Menilik permasalahan tersebut, Pusat Studi Keamanan dan Perdamaian (PSKP) bekerjasama dengan Institute of International Studies (IIS) menyelenggarakan diskusi dengan tema “Kekerasan Pilkada di Papua” pada Senin, 18 April 2016 di Ruang Seminar Timur Fisipol, UGM.
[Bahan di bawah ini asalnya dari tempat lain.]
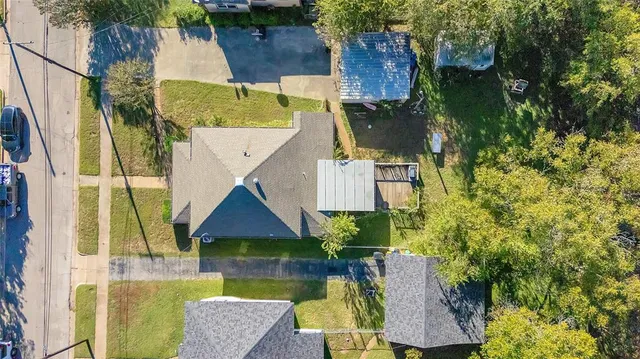 $179,000 | 311 North Pendell Avenue, Cleburne, TX 76033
Diskusi “Kekerasan Pilkada di Papua” dimoderatori oleh Prof. Dr. Sigit Riyanto, SH.,LL.M. Terdapat dua pembicara yang memaparkan hasil penelitiannya. Pembicara pertama adalah Dr. Zulfan Tadjoeddin, dosen senior dari Western Sidney University. Dr. Zulfan Tadjoeddin memaparkan materi mengenai “Why are local election in Papua most violence?”. Kemudian, diskusi dilanjutkan dengan pemaparan materi dari Dr. Samsu Rizal Panggabean, M.Sc, dosen Departemen Hubungan Internasional dan Sekertaris PSKP, mengenai “Explaining Electoral Violence in Papua”.
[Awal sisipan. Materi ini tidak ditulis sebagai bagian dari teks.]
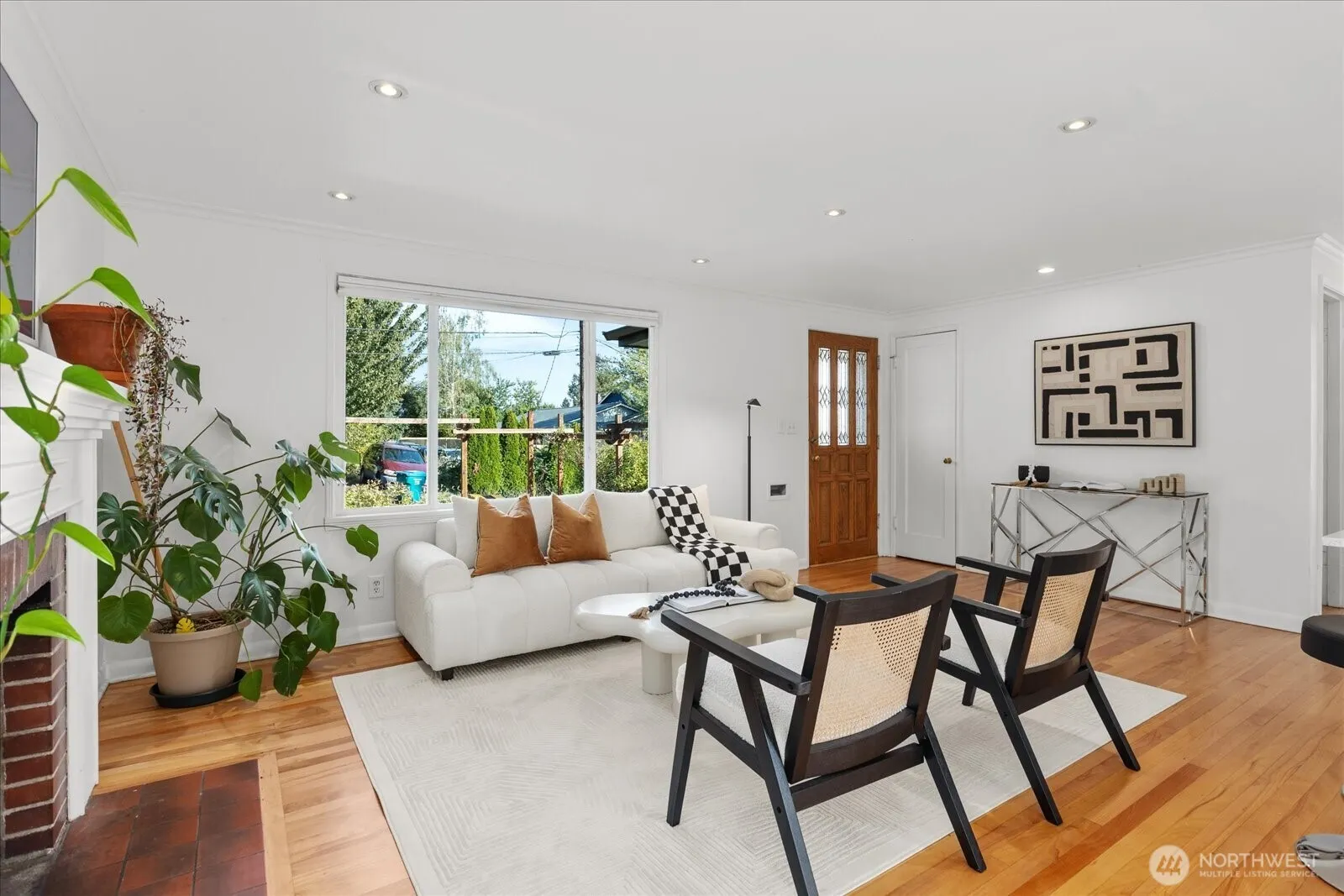 5245 45th Avenue S, Seattle, WA 98118-2311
Dari penelitian tersebut, dapat diperoleh hal-hal menarik dari kondisi dan tantangan yang dihadapi di Papua, terutama mengenai pembedaan tingkah laku dan karakteristik antara masyarakat di daerah gunung dan di pantai. Hasil penelitian kemudian dibahas oleh Ambardi Kuskrido, Ph.D dan Drs. Bambang Purwoko, MA. Ambardi Kuskrido, Ph.D membahas pengumpulan data dan metode yang digunakan dalam penelitian. Drs. Bambang Purwoko, MA memberikan tanggapan terhadap penelitian ini bahwa konteks suku mempengaruhi kekerasan yang terjadi di Papua. Diskusi ini diharapkan mampu memperkaya informasi dan pemahaman mengenai Pilkada, Papua, kekerasan dan demokrasi.